Vingt-quatrième nuit

Un article de Caverne des 1001 nuits.

(Différences entre les versions)

Version du 25 août 2007 à 17:37

Effectivement, Dinarzade, comme elle se l’était proposé, appela de très-bonne heure la sultane :
Ma chère sœur, lui dit-elle, si vous ne dormez pas, je vous supplie de nous achever l’agréable histoire du roi des Îles Noires ; je meurs d’impatience de savoir comment il fut changé en marbre.
— Vous l’allez apprendre, répondit Scheherazade, avec la permission du sultan.

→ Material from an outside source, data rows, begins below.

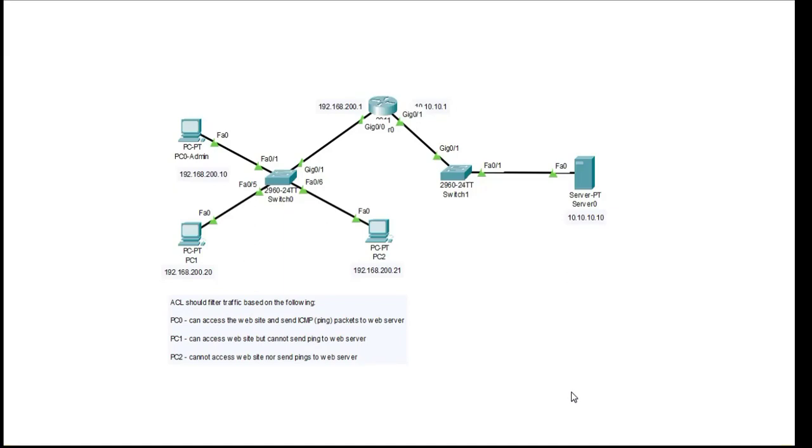Hello and welcome to this video. In this lab today I'll be configuring a firewall on a Cisco router using an extended ACL.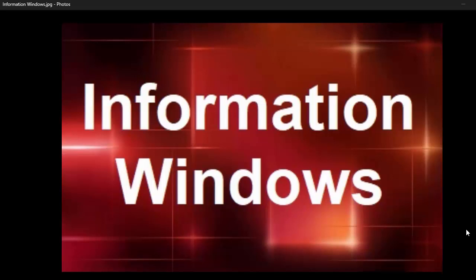Hello and welcome again with another video from the Micro Rooster. Today's topic will be information windows.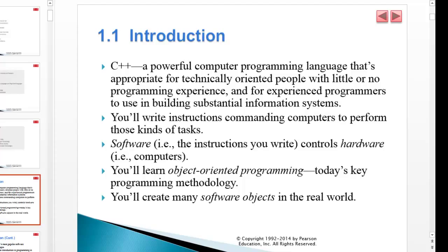Software are the instructions that you write. Hardware are the physical components — if you can touch it, it's hardware; if you can't touch it, it's software. That applies almost 99.9% of the time.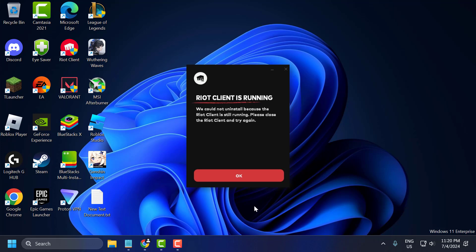Hello guys, welcome to my channel. Today we are going to see how to fix the issue with the Riot client whenever you are trying to uninstall Riot games — Valorant and League of Legends — and you get the error: 'We could not uninstall because the Riot client is still running.' Let's fix it guys.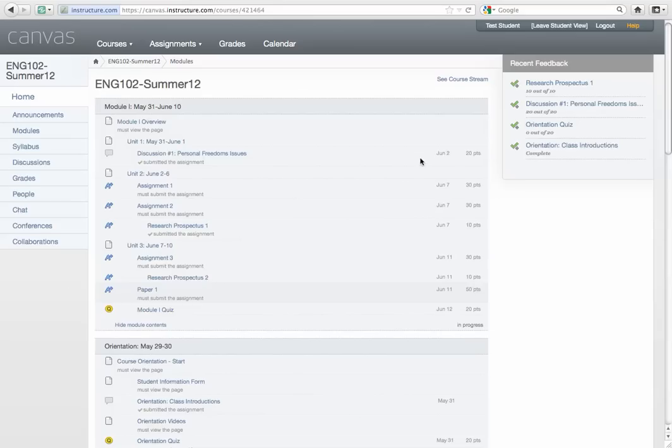Hi, it's Dr. Cooper. Okay, so what I want to quickly show you is how to look at the feedback that I've given you. When you log into the class, you can see that you have some recent feedback.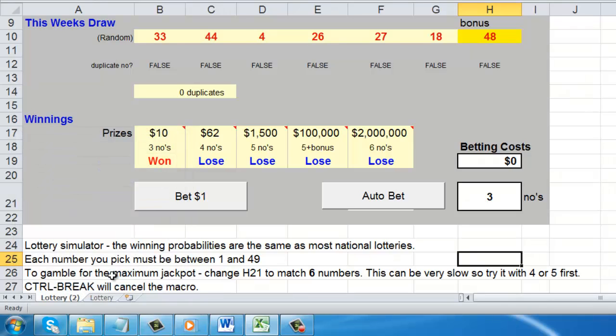Finally, click OK and the copy will be created, and you will automatically navigate to it. Here it is called Lottery 2.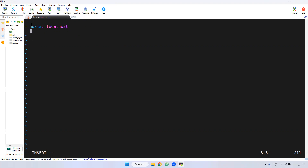Next, under hosts, you have to mention 'tasks:'. Remember, indentation is very important. If you give even a small extra space, it won't work. Indentation is very very important in the Ansible playbook. This 't' in tasks should be exactly below the 'h' in hosts.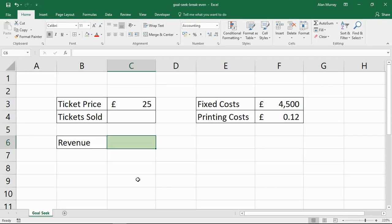Hello and welcome to this video tutorial from ComputerGaga.com. In this video, we are going to look at one of Excel's what-if analysis tools called GoalSeek to calculate when we break even.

« Je trouvai donc la reine couchée auprès de moi, continua le roi des quatre Îles Noires. Je ne vous dirai point si elle dormait ou non ; mais je me levai sans faire de bruit, et je passai dans mon cabinet, où j’achevai de m’habiller. J’allai ensuite tenir mon conseil, et, à mon retour, la reine, habillée de deuil, les cheveux épars et en partie arrachés, vint se présenter devant moi :
« Sire, me dit-elle, je viens supplier votre majesté de ne pas trouver étrange que je sois dans l’état où je suis : trois nouvelles affligeantes que je viens de recevoir en même temps, sont la juste cause de la vive douleur dont vous ne voyez que les faibles marques.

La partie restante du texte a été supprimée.